▶ [What to work on] Could you copy each line of the entries that contains "Latitude"?
———
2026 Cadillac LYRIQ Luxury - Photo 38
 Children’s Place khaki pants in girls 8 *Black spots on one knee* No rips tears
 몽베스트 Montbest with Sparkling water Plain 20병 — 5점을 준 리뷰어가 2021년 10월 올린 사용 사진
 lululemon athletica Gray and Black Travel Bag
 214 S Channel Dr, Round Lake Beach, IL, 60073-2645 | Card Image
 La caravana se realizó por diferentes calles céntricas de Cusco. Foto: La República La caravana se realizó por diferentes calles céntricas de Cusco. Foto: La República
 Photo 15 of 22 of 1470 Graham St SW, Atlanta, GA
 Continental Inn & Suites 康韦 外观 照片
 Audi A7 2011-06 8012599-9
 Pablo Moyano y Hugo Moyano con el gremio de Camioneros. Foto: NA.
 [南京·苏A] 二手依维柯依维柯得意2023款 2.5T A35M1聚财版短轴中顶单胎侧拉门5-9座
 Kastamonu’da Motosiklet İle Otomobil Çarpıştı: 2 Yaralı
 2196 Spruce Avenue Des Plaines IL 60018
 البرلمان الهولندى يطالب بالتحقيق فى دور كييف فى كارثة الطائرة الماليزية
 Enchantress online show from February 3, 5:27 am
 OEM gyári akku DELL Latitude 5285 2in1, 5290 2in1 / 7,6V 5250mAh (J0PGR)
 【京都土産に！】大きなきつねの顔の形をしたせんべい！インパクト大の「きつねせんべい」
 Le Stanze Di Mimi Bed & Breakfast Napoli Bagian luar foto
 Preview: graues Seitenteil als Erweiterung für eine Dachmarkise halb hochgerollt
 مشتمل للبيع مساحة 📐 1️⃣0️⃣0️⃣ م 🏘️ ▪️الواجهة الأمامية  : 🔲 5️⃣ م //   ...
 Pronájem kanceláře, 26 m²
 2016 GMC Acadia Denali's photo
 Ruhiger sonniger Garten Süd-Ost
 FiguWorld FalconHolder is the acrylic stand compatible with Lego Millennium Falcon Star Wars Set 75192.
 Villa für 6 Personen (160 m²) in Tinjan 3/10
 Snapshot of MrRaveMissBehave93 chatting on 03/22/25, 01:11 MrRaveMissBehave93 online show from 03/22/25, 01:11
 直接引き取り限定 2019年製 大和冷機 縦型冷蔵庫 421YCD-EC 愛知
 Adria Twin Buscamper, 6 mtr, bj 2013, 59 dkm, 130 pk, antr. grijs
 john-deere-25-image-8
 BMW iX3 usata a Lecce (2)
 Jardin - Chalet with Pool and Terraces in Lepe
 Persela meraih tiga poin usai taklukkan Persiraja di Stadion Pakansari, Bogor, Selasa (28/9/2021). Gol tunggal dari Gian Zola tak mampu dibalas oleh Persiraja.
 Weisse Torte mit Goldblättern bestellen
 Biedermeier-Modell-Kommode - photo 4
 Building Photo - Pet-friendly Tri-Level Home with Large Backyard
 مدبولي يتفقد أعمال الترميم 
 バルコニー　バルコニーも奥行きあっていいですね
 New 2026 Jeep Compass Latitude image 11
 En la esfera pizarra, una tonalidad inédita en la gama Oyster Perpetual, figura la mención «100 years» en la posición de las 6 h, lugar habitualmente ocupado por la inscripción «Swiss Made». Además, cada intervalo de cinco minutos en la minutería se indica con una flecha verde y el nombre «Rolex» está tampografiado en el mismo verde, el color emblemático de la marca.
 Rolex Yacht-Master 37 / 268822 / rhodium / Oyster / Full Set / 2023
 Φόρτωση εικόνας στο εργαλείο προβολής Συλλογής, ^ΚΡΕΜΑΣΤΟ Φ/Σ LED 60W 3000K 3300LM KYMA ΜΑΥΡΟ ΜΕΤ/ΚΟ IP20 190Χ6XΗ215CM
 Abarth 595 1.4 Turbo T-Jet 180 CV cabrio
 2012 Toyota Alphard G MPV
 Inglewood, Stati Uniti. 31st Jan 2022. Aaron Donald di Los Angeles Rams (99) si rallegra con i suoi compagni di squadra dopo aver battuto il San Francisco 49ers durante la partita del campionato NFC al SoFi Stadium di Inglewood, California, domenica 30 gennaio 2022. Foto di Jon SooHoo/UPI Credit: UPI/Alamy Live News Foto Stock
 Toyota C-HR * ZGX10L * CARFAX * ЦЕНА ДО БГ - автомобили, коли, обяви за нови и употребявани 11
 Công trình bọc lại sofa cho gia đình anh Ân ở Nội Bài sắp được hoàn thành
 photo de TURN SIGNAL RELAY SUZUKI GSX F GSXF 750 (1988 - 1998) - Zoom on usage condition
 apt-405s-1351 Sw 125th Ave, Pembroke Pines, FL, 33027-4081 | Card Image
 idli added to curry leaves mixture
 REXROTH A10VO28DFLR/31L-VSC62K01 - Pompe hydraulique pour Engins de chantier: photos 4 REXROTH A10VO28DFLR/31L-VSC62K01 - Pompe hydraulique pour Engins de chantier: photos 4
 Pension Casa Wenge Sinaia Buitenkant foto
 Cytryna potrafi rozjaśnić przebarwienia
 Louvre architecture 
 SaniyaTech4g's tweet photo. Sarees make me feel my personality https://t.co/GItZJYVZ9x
———
▶ [Answer to this exercise]
 OEM gyári akku DELL Latitude 5285 2in1, 5290 2in1 / 7,6V 5250mAh (J0PGR)
 New 2026 Jeep Compass Latitude image 11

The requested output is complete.